Children should be seen and not heard? On violence against children in Tell Brak

Violence against children is not exclusively a modern phenomenon. It also accompanied humans in the past, as evidenced by both written sources and archaeological discoveries. Although its existence is beyond doubt, it is much more difficult to determine the scale of violence against children in ancient societies. This arises not only from the fragmentary nature of the source material, but also from the difficulties associated with identifying cases of violence in archaeological material. Sometimes, however, skeletons retain traces of trauma which suggest that the child may have been a victim. This was likely the case with a child buried at Tell Brak in what is now Syria. Its remains became the subject of an analysis by researchers from the University of Warsaw and Durham University, recently published in the “International Journal of Osteoarchaeology”.

Echoes of Past Violence

Violence against children is a rarely addressed topic in Mesopotamian written sources. One of the few exceptions is a letter from the Royal Archives of Mari, dated to the first half of the 2nd millennium BCE. It mentions the discovery of a child’s mutilated body in a canal near the palace. Only the head and torso were preserved, and the degree of mutilation made it impossible to determine the sex of the victim. The text does not name the perpetrator or the motive, however, some researchers link the event to domestic violence, which could explain the lack of such basic information.

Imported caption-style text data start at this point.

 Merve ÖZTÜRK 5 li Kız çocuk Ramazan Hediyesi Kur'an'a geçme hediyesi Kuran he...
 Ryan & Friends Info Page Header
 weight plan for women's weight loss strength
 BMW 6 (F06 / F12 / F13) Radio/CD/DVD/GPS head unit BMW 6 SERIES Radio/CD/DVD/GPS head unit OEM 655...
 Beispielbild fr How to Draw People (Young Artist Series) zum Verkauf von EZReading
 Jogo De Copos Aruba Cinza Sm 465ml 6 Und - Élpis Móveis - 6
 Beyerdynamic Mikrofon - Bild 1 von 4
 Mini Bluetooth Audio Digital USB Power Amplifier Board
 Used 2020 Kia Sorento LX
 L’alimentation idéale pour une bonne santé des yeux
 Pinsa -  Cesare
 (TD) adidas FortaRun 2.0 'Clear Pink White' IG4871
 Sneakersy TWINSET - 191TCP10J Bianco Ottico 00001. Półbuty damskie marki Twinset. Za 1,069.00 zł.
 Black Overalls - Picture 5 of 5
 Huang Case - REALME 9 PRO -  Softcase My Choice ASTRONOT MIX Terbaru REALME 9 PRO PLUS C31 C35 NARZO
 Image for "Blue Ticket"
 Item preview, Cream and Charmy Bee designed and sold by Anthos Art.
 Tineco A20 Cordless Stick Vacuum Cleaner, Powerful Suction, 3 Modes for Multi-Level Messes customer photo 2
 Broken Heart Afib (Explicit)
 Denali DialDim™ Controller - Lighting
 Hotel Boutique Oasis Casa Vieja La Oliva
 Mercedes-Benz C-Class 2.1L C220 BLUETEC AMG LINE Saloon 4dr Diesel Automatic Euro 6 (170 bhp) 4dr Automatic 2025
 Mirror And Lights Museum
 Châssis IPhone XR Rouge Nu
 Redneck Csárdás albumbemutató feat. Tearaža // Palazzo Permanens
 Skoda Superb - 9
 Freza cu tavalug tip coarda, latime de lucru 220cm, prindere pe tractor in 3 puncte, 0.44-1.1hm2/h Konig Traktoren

Although surviving written texts provide evidence of the existence of violence against children in the past, the sporadic nature of archaeological and textual evidence does not mean that the phenomenon was rare. It should also be remembered that, as with other issues, written texts did not describe the lives of all social groups.

It might seem that more objective data on violence are provided by archaeological research, and by bioarchaeology in particular. In archaeology, traces of violence are primarily sought through the analysis of human remains and the identification of bone trauma, which record past fractures and injuries. However, it must be kept in mind that not all violence experienced during life leaves marks on the bones. Yet, the interpretation of such traces is not straightforward. The most difficult challenge remains distinguishing an injury resulting from an accident from trauma caused by violence.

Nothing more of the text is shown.